By Paul Myers

As golfers, many of us are endlessly seeking more and more swing speed so we can add distance to our drives. More distance means shorter approach shots, and shorter approach shots usually means more birdies. If you want to be a better golfer, adding swing speed is normally a great way to get there.

But is it possible to have too much of a good thing? Can you do damage to you game in the pursuit of more swing speed, even if you reach your speed goals? This isn’t a topic that all golfers will agree on, but it is something to think carefully about. If you are a golfer who is working hard to add swing speed, make sure that you are doing so with the best interests of your golf game in mind.

Following are three ways in which adding swing speed could potentially hurt your game in the long run. This doesn’t mean you should stop trying to get more speed into your swing – it is only meant as a word of caution so you don’t get out of control and wind up hurting your game as a whole.

#1 – Getting Off Balance

It isn’t worth trying to record higher swing speeds if you are pulled off balance in the process. A consistently repeatable swing is one that has good balance from start to finish, so don’t let yourself lose balance just to add a few more miles per hour. A fast swing speed isn’t any good if you don’t make solid contact in the center of the club face time after time, so make balance a priority even if it means you leave a couple extra miles per hour in the bag.

#2 – Losing Control of Your Ball Flight

Even if you are able to max out your swing speed while maintaining your balance, it’s still good to have control over your ball flight on a regular basis. Predictable ball flights can help with good scores, and players with ultra-high swing speeds sometimes have trouble producing ball flights that can be relied on over and over. That isn’t to say that you can’t control the ball while swinging very hard – certainly many professional golfers do so on a regular basis.
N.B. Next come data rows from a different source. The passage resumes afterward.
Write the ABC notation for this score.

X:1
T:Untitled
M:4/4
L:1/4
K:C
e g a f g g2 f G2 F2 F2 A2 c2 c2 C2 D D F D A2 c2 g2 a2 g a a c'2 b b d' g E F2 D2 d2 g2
However, if your level of skill isn’t such that you can manage your ball flight along with serious power, consider backing off just slightly until you find a sweet spot that allows you to control your ball and still have plenty of power at your disposal.
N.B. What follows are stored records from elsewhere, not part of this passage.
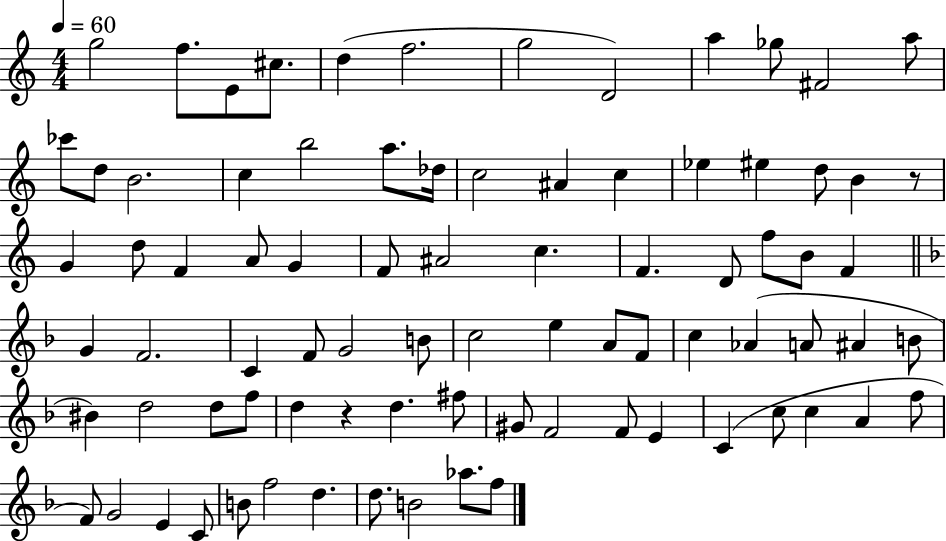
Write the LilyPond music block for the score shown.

{
  \clef treble
  \numericTimeSignature
  \time 4/4
  \key c \major
  \tempo 4 = 60
  g''2 f''8. e'8 cis''8. | d''4( f''2. | g''2 d'2) | a''4 ges''8 fis'2 a''8 | \break ces'''8 d''8 b'2. | c''4 b''2 a''8. des''16 | c''2 ais'4 c''4 | ees''4 eis''4 d''8 b'4 r8 | \break g'4 d''8 f'4 a'8 g'4 | f'8 ais'2 c''4. | f'4. d'8 f''8 b'8 f'4 | \bar "||" \break \key d \minor g'4 f'2. | c'4 f'8 g'2 b'8 | c''2 e''4 a'8 f'8 | c''4 aes'4( a'8 ais'4 b'8 | \break bis'4) d''2 d''8 f''8 | d''4 r4 d''4. fis''8 | gis'8 f'2 f'8 e'4 | c'4( c''8 c''4 a'4 f''8 | \break f'8) g'2 e'4 c'8 | b'8 f''2 d''4. | d''8. b'2 aes''8. f''8 | \bar "|."
}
#3 – Maintaining it All Day Long

Much like a starting pitcher in baseball, it can be nice to be able to make quality swings all day long – not just for a few holes. If you are swinging so hard that you are getting tired during the round, or your muscles are starting to wear out, you might think about backing off. While it is fun to blast the ball for a few holes, it may not do you much good if you have run out of steam late in the round. Make sure you are swinging hard enough to generate power, but also swinging at a pace that you are able to hold up for a full 18-hole round.